Of course, the Lindbergh kidnapping was big news all around the world. After all, Colonel Lindbergh was an international hero who just five years earlier became the first pilot to fly solo across the Atlantic Ocean. Everybody knew Lucky Lindy. He built a house known as Highfields on Sourland Mountain, just north of Hopewell Borough so he could retreat from all the commotion that surrounded his fame. The house was large and remote. It had its own airstrip.


But what happened on March 1 brought a great deal of commotion to the Hopewell area. The headline in The Hopewell Herald read:


COLONEL LINDBERGH'S SON IS STOLEN

BABY KIDNAPPED LAST NIGHT FROM NURSERY BETWEEN 7:30 AND 10:00 O'CLOCK

PLANES SEARCH SOURLAND MOUNTAIN


Charles and Ann Lindbergh’s 20-month-old son was taken from the second floor of their home in East Amwell Township. Demands for money ensued, but what became known as the Crime of the Century had a horrible result on May 12, 1932 when the body of Charles Augustus Lindbergh, Jr. was found along Carter Road just south of Hopewell Borough.

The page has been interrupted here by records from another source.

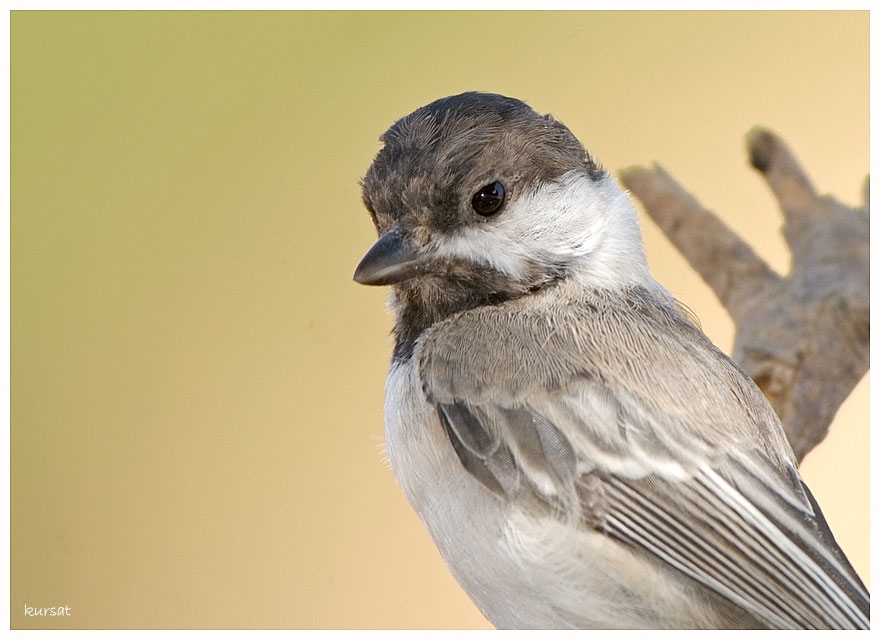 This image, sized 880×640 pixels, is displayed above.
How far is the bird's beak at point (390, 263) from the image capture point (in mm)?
1780

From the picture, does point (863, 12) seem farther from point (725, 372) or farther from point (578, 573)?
point (578, 573)

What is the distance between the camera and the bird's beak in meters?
1.78

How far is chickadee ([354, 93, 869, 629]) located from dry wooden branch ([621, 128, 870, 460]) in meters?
0.64

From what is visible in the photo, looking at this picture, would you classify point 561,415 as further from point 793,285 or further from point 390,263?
point 793,285

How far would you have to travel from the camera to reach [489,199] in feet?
5.89

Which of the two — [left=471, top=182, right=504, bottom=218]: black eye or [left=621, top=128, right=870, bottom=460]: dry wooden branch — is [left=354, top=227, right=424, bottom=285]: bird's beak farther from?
[left=621, top=128, right=870, bottom=460]: dry wooden branch

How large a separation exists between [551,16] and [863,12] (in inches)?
26.6

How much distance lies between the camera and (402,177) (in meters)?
1.81

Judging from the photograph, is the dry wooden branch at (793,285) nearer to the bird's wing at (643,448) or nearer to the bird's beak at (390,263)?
the bird's wing at (643,448)

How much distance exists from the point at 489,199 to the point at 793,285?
1.30 m

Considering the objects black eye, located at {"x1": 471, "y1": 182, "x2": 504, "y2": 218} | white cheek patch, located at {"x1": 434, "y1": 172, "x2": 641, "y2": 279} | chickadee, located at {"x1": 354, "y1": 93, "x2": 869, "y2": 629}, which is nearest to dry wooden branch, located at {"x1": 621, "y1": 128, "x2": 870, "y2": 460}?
chickadee, located at {"x1": 354, "y1": 93, "x2": 869, "y2": 629}

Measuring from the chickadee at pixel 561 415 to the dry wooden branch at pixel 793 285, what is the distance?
0.64 meters

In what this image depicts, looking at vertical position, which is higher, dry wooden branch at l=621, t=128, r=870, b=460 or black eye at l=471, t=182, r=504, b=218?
black eye at l=471, t=182, r=504, b=218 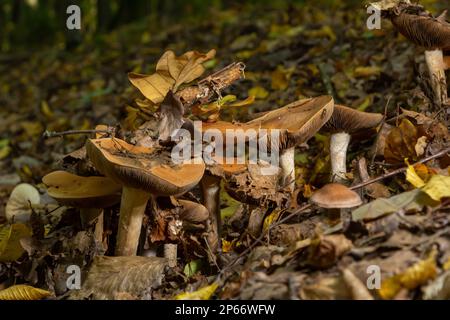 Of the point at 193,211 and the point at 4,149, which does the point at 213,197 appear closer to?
the point at 193,211

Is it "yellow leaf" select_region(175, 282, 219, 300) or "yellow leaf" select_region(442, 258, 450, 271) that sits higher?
"yellow leaf" select_region(442, 258, 450, 271)

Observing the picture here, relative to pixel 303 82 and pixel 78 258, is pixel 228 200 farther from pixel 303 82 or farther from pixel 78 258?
pixel 303 82

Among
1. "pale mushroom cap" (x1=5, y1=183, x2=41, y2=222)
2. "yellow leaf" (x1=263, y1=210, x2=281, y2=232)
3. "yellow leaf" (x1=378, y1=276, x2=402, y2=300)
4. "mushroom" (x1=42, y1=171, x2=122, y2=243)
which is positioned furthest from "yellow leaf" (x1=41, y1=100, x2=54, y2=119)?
"yellow leaf" (x1=378, y1=276, x2=402, y2=300)

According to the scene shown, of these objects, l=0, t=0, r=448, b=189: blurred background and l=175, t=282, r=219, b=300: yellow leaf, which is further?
l=0, t=0, r=448, b=189: blurred background

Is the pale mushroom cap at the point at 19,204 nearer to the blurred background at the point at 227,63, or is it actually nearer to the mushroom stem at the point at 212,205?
the blurred background at the point at 227,63

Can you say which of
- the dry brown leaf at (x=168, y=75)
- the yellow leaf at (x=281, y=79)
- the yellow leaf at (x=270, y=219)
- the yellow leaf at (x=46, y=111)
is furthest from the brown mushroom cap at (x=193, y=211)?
the yellow leaf at (x=46, y=111)

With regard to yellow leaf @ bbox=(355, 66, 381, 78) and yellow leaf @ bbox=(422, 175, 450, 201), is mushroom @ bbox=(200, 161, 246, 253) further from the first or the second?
yellow leaf @ bbox=(355, 66, 381, 78) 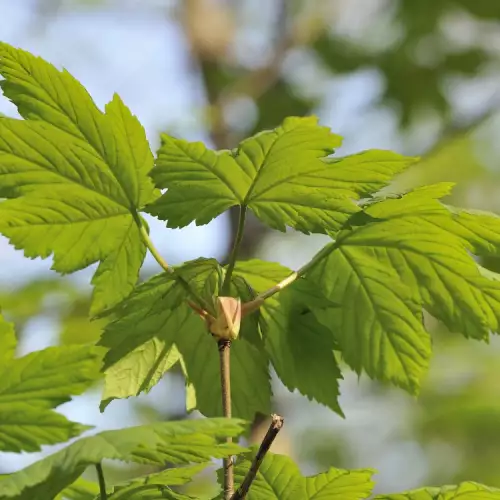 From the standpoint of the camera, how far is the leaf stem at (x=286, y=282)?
0.42 m

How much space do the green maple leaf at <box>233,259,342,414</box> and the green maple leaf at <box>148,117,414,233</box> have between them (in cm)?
7

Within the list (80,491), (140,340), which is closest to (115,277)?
(140,340)

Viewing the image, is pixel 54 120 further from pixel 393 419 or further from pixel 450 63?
pixel 393 419

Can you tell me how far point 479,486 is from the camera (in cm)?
42

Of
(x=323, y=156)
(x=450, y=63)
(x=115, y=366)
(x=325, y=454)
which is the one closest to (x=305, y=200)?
(x=323, y=156)

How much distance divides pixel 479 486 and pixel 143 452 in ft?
Answer: 0.68

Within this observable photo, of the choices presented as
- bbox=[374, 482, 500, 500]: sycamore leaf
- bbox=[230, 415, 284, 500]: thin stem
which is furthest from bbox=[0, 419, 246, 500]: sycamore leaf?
bbox=[374, 482, 500, 500]: sycamore leaf

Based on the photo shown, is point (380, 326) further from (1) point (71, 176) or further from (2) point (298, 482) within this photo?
(1) point (71, 176)

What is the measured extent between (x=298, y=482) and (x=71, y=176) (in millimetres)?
236

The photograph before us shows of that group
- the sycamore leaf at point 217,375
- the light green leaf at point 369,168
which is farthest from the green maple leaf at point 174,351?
the light green leaf at point 369,168

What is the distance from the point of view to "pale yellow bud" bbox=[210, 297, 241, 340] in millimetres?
405

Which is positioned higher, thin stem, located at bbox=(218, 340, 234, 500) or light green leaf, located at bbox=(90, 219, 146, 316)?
light green leaf, located at bbox=(90, 219, 146, 316)

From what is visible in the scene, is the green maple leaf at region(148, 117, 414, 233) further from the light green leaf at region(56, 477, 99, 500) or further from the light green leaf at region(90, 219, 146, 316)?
the light green leaf at region(56, 477, 99, 500)

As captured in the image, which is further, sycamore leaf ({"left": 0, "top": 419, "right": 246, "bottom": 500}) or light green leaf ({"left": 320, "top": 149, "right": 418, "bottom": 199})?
light green leaf ({"left": 320, "top": 149, "right": 418, "bottom": 199}) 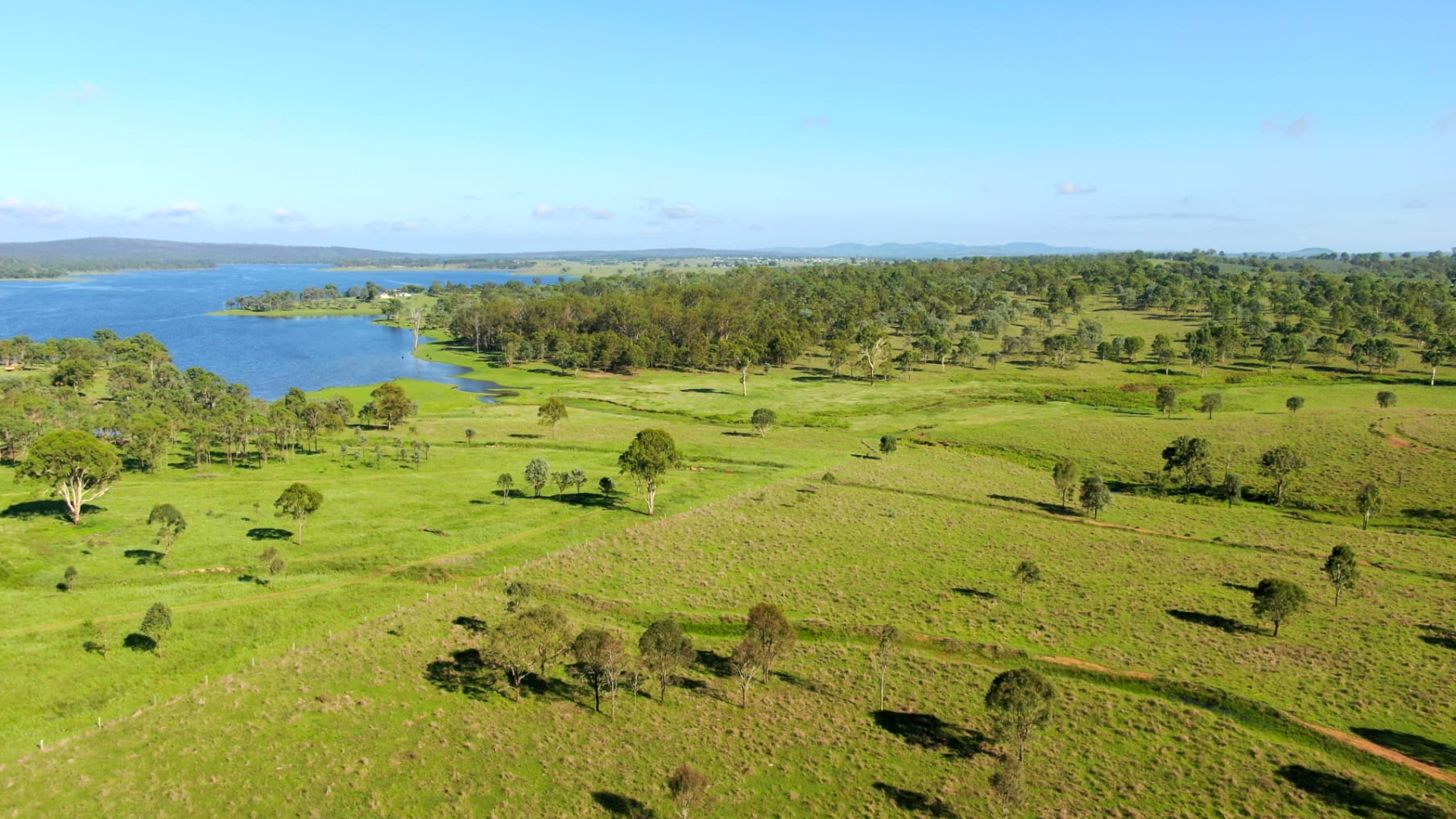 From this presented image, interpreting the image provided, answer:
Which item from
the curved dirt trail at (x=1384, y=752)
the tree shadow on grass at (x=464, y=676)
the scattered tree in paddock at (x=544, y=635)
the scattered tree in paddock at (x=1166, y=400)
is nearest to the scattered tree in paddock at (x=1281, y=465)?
the scattered tree in paddock at (x=1166, y=400)

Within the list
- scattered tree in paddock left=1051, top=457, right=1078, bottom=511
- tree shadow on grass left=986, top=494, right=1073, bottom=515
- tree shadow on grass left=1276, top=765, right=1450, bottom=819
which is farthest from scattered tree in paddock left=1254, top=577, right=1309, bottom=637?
scattered tree in paddock left=1051, top=457, right=1078, bottom=511

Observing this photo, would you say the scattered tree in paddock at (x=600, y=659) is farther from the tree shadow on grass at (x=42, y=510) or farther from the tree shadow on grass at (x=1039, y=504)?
the tree shadow on grass at (x=1039, y=504)

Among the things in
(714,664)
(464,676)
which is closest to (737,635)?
(714,664)

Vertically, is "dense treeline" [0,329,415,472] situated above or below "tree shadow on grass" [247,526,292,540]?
above

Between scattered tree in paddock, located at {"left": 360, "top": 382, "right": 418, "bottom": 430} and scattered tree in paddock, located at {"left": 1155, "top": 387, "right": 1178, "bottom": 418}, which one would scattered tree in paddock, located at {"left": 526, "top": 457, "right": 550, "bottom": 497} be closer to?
scattered tree in paddock, located at {"left": 360, "top": 382, "right": 418, "bottom": 430}

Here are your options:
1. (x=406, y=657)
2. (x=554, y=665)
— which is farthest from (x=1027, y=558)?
(x=406, y=657)

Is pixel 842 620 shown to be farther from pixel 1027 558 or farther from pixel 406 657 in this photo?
pixel 406 657

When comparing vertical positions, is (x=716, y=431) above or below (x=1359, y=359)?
below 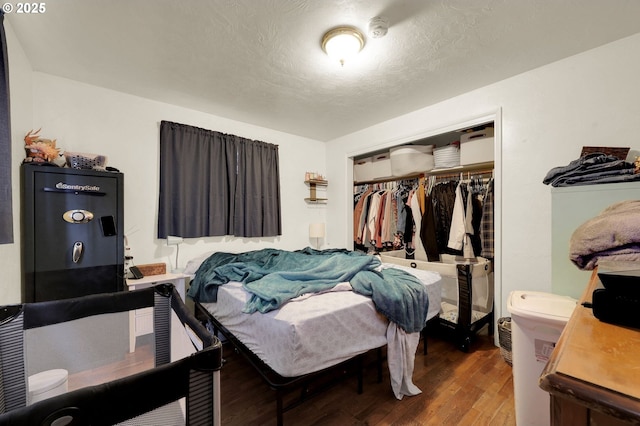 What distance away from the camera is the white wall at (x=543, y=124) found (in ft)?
6.17

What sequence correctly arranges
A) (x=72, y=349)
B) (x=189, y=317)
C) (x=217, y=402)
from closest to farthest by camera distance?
(x=217, y=402) < (x=189, y=317) < (x=72, y=349)

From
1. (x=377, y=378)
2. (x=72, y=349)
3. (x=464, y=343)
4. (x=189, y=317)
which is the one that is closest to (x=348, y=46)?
(x=189, y=317)

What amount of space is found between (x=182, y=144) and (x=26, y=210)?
1.38 meters

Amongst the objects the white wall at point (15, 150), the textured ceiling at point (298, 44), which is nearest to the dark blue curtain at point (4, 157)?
the white wall at point (15, 150)

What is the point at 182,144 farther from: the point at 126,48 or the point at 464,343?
the point at 464,343

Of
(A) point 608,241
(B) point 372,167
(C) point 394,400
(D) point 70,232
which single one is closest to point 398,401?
(C) point 394,400

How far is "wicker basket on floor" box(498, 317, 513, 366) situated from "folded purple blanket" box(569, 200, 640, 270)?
171 centimetres

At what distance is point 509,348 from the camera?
2158 millimetres

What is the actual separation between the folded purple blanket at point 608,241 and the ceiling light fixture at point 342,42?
5.39 feet

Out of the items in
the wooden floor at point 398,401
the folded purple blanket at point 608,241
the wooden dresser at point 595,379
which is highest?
the folded purple blanket at point 608,241

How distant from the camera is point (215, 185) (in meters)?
3.08

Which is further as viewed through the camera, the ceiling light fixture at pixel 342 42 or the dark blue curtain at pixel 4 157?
the ceiling light fixture at pixel 342 42

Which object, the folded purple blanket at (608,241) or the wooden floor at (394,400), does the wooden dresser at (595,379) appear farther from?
the wooden floor at (394,400)

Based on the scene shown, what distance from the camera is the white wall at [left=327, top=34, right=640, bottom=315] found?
188 centimetres
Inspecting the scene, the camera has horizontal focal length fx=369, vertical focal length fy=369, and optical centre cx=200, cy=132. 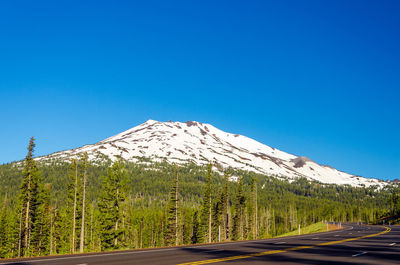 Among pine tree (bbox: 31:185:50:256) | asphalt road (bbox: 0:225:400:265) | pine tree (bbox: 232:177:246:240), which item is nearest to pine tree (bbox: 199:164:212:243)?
pine tree (bbox: 232:177:246:240)

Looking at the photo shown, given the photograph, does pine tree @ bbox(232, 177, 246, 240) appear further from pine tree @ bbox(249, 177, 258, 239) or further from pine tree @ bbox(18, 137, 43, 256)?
pine tree @ bbox(18, 137, 43, 256)

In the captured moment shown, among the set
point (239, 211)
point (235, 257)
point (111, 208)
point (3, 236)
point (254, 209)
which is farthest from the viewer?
point (254, 209)

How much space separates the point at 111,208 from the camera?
50219 mm

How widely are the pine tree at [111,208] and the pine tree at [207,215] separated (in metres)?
25.7

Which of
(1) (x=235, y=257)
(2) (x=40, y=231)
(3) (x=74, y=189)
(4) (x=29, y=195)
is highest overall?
(3) (x=74, y=189)

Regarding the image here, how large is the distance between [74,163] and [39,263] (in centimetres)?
4478

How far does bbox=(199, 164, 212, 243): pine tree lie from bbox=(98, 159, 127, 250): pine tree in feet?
84.4

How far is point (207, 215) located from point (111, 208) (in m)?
37.9

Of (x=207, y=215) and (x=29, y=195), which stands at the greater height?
(x=29, y=195)

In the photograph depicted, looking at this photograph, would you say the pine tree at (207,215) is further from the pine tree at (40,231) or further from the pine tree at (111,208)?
the pine tree at (40,231)

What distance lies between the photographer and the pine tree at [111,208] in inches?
1928

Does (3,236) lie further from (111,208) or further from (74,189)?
(111,208)

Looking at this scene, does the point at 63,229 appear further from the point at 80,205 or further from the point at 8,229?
the point at 80,205

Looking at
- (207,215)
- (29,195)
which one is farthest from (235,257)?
(207,215) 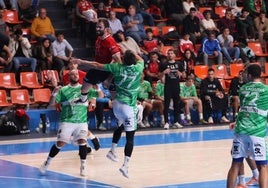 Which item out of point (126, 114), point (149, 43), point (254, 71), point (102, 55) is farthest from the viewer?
point (149, 43)

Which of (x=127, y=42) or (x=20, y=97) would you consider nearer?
(x=20, y=97)

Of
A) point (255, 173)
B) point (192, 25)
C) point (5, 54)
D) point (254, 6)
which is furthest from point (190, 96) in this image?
point (255, 173)

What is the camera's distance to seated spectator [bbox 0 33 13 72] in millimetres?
20438

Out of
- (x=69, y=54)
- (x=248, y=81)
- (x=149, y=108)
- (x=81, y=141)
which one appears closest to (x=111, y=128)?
(x=149, y=108)

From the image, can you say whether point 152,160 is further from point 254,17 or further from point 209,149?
point 254,17

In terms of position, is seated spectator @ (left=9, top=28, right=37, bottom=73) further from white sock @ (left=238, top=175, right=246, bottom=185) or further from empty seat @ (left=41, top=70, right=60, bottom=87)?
white sock @ (left=238, top=175, right=246, bottom=185)

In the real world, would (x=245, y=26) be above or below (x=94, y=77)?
below

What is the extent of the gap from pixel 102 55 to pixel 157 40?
10509 millimetres

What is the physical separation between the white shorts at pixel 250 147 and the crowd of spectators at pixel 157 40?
32.4 ft

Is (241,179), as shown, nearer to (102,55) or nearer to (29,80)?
(102,55)

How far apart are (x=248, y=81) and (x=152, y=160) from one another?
16.4 ft

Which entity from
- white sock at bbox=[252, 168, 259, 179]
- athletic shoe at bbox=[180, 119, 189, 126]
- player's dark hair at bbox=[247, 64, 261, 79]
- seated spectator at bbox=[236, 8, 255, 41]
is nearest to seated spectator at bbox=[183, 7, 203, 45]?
seated spectator at bbox=[236, 8, 255, 41]

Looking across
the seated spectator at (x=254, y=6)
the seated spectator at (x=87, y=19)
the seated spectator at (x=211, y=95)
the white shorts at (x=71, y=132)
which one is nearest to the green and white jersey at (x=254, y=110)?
the white shorts at (x=71, y=132)

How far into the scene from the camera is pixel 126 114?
12523 mm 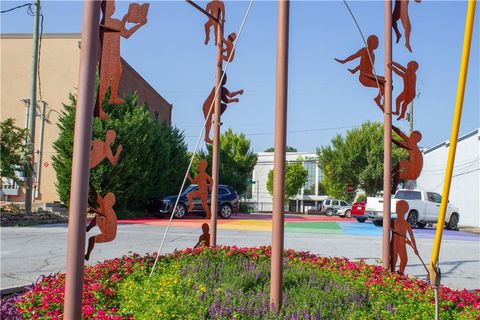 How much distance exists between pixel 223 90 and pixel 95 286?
3.97 meters

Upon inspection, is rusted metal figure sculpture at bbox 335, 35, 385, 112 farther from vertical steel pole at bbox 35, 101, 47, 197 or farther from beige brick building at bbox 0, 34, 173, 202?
vertical steel pole at bbox 35, 101, 47, 197

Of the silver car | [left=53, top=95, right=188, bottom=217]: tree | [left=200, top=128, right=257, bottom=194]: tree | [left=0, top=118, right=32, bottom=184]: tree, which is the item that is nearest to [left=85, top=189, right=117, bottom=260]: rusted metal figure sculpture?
[left=0, top=118, right=32, bottom=184]: tree

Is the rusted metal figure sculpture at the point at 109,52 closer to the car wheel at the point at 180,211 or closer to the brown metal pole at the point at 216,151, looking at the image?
the brown metal pole at the point at 216,151

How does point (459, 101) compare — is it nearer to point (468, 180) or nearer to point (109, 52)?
point (109, 52)

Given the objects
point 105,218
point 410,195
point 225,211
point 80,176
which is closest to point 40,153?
point 225,211

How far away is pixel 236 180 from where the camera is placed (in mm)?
38875

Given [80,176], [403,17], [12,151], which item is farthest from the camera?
[12,151]

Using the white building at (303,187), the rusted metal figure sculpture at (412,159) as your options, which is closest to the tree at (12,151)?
the rusted metal figure sculpture at (412,159)

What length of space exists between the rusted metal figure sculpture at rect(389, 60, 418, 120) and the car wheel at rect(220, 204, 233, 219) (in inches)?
740

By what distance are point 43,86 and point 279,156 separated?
27.3 metres

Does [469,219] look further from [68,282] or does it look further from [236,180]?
[68,282]

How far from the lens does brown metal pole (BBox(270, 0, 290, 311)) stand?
3803 mm

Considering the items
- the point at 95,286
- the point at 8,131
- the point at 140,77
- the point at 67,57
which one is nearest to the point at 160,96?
the point at 140,77

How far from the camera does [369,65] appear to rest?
6168mm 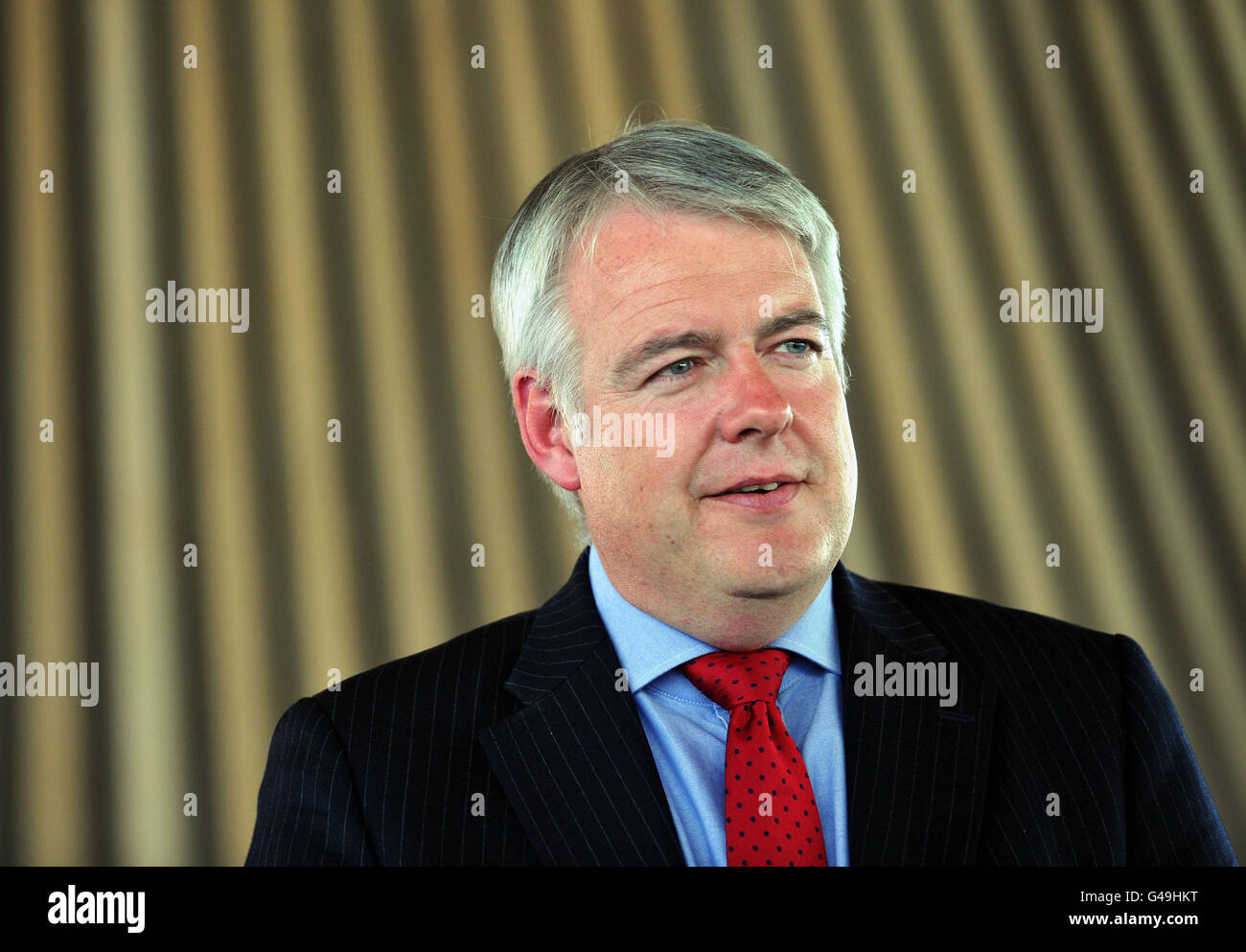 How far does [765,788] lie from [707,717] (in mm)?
130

On the night of the abduction, young Charles’s nurse, Betty Gow, reported the toddler missing at 10pm. A ransom note demanding $50,000 was found on the second-floor window sill in the child’s room.


Highfields in 1932. A ladder is hoisted to the window in the baby’s room.


The Lindbergh kidnapping sent law enforcement into high action as they tracked down every clue regarding the crime. It dominated the news for months, and it is still the source of much controversy today. Many books have been written about it, reenactments have been done at the Hunterdon County Courthouse in Flemington, and scores of conspiracy theories have been sparked.